▸ DATA FOR THIS TASK
---+---

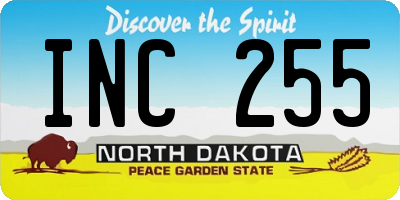 ND license plate INC255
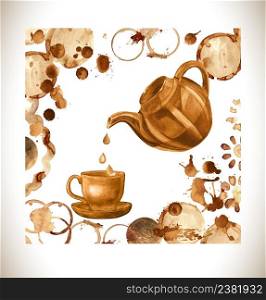 Coffee paint cup, splashes and harts isolated on background. Cup drawn pour coffee with splashes and blots.. Coffee vector paint cup, splashes and harts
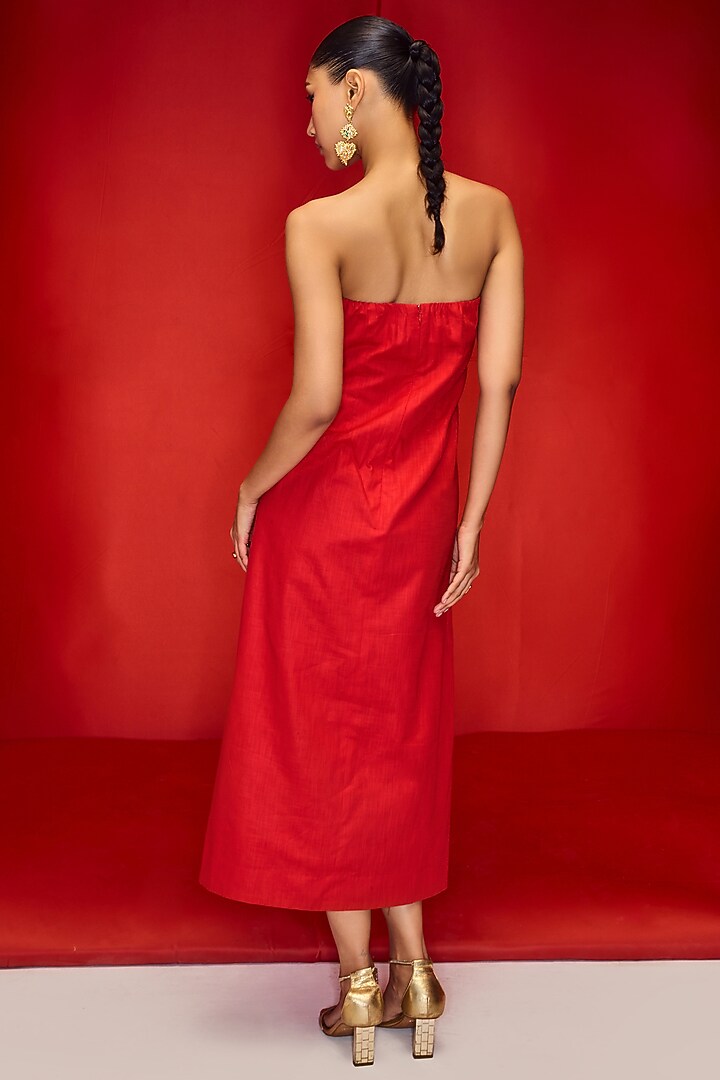 Red Linen Tube Vacation Dress by Maison Blu at Pernia's Pop Up Shop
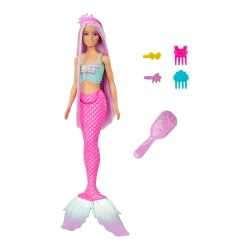 Păpușa Barbie Dreamtopia Sirenă cu păr lung roz și accesorii pentru coafat cumpăra în Chișinau. Foto 1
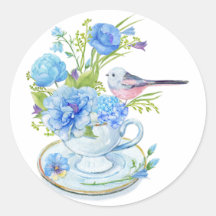 Watercolor Blåa blommor och Bird Tea Kopp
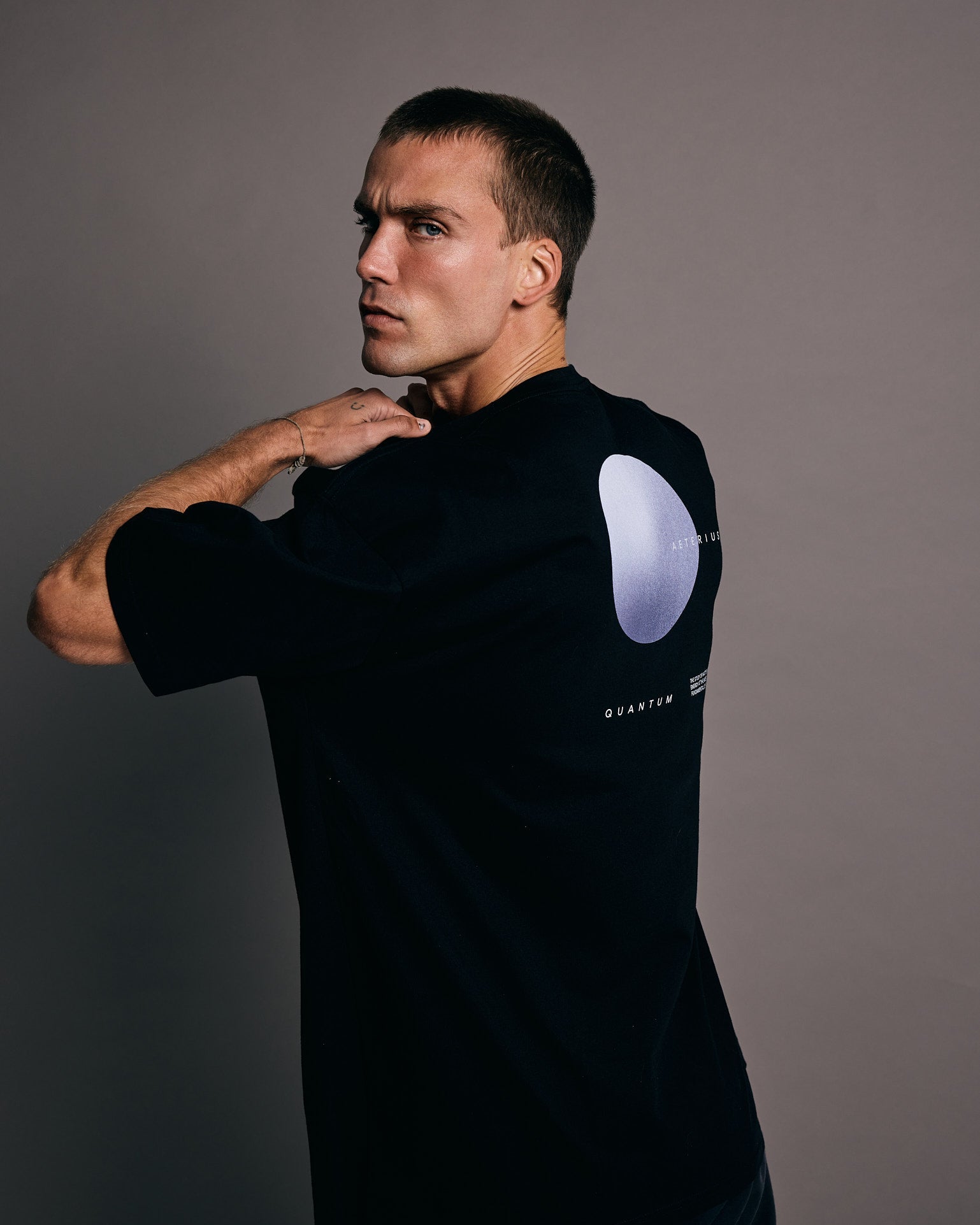 QUANTUM x Black T-Shirt (Back Design)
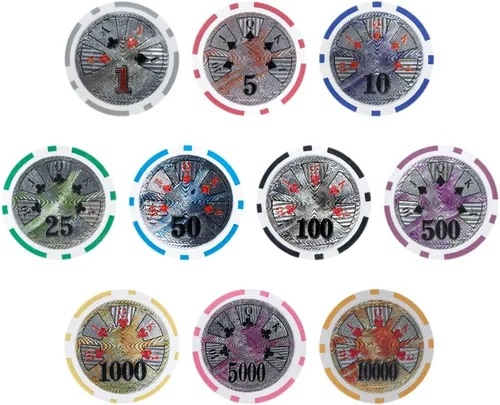 Miniatura 4 de Brybelly Ben Franklin Poker Chip - Compuesto de arcilla pesada de 0.49 oz, paquete de 50 Morado ($500 Purple)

---+---

▸ DESCRIPTION OF THE TASK
The lines wanted run from the line containing "Păpușa Barbie Dreamtopia" through the end of the entries; return them exactly, both ends included, and keep pictures out.

▸ ANSWER SPACE
 Păpușa Barbie Dreamtopia Sirenă cu păr lung roz și accesorii pentru coafat cumpăra în Chișinau. Foto 1
 Watercolor Blåa blommor och Bird Tea Kopp
 QUANTUM x Black T-Shirt (Back Design)
 Miniatura 4 de Brybelly Ben Franklin Poker Chip - Compuesto de arcilla pesada de 0.49 oz, paquete de 50 Morado ($500 Purple)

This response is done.